For reference, here is the provider configuration that works for me. Note, I am using aurora postgres serverless. I am also reading the RDS connection information from a data provider because I launched my cluster from a different Terraform configuration.

provider "postgresql" {
  scheme = var.pg_scheme  # postgres provider 1.11+ specifies awspostgres for RDS, but the GO CDK doesn't verify the x509 cert correctly
  host = data.aws_rds_cluster.data_science_postgresql.endpoint
  port = data.aws_rds_cluster.data_science_postgresql.port
  database = data.aws_rds_cluster.data_science_postgresql.database_name
  username = jsondecode(data.aws_secretsmanager_secret_version.master_db_credentials.secret_string)["username"]
  password = jsondecode(data.aws_secretsmanager_secret_version.master_db_credentials.secret_string)["password"]
  superuser = false
  sslmode = "require"
  sslrootcert = "/code/manifest/AmazonRootCA1.pem"
  expected_version = "10.12"
}

You can get the AWS Root Cert from the RDS documentation here, https://docs.aws.amazon.com/AmazonRDS/latest/UserGuide/UsingWithRDS.SSL.html. I found this worked better than letting the GO CDK do it, because that was returning x509 cert errors. This seems to be a GO-AWS thing, but folks are working on it.

wilhelmi commented 3 years ago

I am running this from a local workstation outside of GCP, the target in this case. From my reading of the gocloud library it should be using the cloud-sql-proxy lib to connect to the DB. This should connect to the DB even though it only has a private IP. I can connect to the target DB from the same machine if I start cloud-sql-proxy from the CLI. So I think the network route works. One thing that jumped at me was the 3307 port when 5432 was specifically configured.

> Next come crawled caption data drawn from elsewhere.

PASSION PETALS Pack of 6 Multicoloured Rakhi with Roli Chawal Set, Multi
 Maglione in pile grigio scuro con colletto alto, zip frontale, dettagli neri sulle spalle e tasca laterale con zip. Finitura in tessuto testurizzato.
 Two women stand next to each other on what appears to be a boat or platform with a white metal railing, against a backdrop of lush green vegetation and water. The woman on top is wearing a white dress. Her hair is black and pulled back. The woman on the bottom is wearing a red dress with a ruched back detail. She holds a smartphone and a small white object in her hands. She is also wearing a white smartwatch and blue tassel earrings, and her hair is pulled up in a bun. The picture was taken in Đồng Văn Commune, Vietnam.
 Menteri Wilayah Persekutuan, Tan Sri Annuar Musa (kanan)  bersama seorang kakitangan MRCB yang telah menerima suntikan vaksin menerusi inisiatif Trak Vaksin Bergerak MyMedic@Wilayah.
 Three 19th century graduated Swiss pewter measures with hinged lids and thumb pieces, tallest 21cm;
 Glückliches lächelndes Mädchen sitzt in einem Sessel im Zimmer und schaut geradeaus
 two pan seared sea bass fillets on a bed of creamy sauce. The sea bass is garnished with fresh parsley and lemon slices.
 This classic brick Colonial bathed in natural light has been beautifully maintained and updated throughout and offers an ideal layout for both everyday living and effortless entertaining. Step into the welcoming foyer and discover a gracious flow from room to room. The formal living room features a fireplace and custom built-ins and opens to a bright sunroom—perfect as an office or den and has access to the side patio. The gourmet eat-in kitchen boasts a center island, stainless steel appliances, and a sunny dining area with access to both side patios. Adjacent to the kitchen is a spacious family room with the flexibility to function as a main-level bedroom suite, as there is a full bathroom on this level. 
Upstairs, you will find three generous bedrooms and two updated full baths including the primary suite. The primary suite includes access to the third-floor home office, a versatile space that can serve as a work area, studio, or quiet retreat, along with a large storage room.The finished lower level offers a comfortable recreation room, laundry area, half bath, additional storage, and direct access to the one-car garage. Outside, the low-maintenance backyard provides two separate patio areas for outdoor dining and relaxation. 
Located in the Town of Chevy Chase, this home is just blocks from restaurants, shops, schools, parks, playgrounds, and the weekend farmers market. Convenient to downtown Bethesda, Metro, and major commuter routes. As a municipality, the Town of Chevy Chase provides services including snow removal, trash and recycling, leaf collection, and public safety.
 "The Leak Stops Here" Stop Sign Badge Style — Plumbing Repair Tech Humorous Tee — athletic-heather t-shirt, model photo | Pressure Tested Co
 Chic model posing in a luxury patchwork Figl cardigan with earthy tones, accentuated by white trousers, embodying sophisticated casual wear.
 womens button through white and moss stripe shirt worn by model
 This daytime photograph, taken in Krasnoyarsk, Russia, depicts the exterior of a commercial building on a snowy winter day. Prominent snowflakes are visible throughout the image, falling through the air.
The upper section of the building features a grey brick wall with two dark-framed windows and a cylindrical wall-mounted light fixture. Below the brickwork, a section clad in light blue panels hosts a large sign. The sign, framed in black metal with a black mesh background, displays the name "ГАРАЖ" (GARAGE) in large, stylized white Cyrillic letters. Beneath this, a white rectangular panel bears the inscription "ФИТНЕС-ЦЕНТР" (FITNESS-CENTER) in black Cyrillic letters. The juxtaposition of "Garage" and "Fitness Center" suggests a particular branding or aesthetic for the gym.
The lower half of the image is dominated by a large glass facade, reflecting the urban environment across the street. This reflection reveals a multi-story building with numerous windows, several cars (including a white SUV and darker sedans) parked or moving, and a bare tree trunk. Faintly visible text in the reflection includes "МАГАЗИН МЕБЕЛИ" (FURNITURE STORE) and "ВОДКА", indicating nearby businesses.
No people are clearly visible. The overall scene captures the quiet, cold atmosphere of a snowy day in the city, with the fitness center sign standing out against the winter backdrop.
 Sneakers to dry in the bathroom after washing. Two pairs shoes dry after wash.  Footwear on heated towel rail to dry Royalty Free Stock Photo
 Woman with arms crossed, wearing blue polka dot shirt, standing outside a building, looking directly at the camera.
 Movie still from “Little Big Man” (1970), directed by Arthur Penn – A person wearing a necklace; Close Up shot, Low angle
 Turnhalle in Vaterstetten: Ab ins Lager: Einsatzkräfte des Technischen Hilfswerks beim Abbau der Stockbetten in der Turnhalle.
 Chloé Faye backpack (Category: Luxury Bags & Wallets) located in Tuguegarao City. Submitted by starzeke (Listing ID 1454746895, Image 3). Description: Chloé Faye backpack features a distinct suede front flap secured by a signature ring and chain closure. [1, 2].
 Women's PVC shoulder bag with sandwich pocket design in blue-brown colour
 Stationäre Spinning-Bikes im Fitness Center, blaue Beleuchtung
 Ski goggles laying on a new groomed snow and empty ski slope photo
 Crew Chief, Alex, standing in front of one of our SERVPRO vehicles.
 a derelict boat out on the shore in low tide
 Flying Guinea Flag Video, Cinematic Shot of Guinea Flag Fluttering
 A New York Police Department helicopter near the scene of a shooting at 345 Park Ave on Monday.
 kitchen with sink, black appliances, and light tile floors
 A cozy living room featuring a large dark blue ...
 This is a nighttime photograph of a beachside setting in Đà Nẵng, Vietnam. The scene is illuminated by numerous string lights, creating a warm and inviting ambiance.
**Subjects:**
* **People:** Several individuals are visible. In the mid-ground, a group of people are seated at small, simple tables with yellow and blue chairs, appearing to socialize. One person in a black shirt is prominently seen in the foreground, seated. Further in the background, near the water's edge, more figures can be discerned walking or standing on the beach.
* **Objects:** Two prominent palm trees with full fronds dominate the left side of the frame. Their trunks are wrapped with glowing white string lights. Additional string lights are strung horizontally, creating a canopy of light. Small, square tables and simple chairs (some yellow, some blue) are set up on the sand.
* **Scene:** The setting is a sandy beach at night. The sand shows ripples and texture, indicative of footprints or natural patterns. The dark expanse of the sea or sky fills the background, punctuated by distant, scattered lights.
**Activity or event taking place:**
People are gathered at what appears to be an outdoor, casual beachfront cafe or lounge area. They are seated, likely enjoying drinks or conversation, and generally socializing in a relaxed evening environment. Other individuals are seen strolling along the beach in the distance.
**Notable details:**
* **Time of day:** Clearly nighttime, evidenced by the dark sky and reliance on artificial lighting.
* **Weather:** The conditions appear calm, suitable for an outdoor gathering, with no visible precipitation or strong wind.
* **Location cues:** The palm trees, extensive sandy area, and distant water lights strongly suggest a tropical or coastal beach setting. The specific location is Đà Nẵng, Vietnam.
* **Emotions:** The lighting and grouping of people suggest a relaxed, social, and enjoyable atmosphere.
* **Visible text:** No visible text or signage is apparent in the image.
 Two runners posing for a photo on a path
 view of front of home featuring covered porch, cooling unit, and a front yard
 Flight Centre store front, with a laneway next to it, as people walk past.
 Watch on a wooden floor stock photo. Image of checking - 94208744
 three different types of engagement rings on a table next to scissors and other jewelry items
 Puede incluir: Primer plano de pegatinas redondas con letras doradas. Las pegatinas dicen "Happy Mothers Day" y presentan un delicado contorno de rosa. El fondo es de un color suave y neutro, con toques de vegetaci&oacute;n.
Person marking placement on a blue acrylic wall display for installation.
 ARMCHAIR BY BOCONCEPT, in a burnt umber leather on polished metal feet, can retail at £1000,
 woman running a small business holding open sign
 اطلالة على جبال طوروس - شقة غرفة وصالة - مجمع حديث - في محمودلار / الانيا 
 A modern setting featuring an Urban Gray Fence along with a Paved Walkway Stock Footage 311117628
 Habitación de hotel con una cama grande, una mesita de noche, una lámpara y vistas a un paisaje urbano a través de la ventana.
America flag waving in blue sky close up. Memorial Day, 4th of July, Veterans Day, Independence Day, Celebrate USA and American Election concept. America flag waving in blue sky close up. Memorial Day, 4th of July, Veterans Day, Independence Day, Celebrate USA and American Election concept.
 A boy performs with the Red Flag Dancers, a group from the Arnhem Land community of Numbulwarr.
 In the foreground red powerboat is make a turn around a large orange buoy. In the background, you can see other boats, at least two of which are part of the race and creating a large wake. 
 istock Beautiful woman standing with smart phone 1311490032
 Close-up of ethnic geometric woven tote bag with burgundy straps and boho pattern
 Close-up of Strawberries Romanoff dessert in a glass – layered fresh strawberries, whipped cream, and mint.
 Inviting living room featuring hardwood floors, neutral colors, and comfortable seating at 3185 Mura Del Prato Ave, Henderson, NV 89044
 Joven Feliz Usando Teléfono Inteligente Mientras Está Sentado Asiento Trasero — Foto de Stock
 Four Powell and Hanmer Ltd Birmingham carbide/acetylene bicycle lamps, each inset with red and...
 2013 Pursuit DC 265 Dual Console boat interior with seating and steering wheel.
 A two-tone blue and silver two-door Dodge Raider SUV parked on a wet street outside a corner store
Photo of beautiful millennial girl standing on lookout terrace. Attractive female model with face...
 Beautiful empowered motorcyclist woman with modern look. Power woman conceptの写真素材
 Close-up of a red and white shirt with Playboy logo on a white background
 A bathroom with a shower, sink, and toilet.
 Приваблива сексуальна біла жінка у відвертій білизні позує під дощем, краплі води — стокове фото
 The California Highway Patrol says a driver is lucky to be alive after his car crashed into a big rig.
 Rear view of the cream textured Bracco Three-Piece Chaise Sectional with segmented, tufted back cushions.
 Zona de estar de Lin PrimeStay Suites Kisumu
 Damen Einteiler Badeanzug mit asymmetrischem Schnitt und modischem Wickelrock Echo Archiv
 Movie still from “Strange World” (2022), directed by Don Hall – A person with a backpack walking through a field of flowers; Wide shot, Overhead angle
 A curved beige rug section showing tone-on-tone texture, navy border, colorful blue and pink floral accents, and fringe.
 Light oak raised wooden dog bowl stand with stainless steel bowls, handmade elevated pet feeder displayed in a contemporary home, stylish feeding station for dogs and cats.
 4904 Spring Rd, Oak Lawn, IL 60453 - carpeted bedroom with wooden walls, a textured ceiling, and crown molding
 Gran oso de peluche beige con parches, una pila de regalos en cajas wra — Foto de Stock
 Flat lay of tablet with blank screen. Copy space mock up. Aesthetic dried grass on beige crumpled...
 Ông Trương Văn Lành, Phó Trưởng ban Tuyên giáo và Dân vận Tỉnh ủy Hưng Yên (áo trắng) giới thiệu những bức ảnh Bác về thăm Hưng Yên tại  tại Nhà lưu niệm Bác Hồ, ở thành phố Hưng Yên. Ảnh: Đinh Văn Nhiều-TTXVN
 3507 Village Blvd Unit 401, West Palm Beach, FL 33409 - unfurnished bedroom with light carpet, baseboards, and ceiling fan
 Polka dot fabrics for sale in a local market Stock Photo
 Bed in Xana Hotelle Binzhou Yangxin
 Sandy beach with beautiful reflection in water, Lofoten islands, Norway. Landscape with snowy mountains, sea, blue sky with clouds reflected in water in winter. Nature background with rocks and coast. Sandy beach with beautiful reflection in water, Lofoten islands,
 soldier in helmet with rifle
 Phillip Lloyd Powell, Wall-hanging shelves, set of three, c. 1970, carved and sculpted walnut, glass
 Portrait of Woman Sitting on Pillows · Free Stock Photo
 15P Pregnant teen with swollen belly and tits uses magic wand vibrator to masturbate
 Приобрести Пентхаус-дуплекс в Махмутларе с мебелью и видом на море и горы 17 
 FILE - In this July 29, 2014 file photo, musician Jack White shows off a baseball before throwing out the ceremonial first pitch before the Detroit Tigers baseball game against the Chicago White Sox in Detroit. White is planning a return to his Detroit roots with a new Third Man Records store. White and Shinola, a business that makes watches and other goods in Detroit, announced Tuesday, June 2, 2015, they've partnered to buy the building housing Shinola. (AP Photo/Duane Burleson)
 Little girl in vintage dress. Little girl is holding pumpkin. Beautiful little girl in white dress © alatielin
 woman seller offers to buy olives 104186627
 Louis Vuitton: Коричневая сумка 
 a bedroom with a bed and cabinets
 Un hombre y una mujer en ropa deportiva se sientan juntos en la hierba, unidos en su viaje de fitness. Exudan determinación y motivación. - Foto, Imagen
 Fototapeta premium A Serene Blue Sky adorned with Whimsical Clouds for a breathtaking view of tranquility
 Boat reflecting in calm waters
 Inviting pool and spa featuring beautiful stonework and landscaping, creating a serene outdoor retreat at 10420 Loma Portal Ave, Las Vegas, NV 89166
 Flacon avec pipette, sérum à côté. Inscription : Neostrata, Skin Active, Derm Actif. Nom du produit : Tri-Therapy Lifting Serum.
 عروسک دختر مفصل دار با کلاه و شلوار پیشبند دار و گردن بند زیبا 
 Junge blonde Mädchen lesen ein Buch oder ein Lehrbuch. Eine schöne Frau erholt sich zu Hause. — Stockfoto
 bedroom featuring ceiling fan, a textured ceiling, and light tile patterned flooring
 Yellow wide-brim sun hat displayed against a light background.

carlpett commented 3 years ago

Also running into this. From what I can tell the port being not 5432 is ok (although I initially reacted to it as well): https://github.com/GoogleCloudPlatform/cloudsql-proxy/blob/ec20300fbae3d11e93a9cc62946463632f3d9773/proxy/proxy/client.go#L84-L86 Unlike you @wilhelmi, I can't connect with a local cloud-sql-proxy either, I don't have a route for the private IP that is used. Do you have a VPN that includes a route to the private network IP space?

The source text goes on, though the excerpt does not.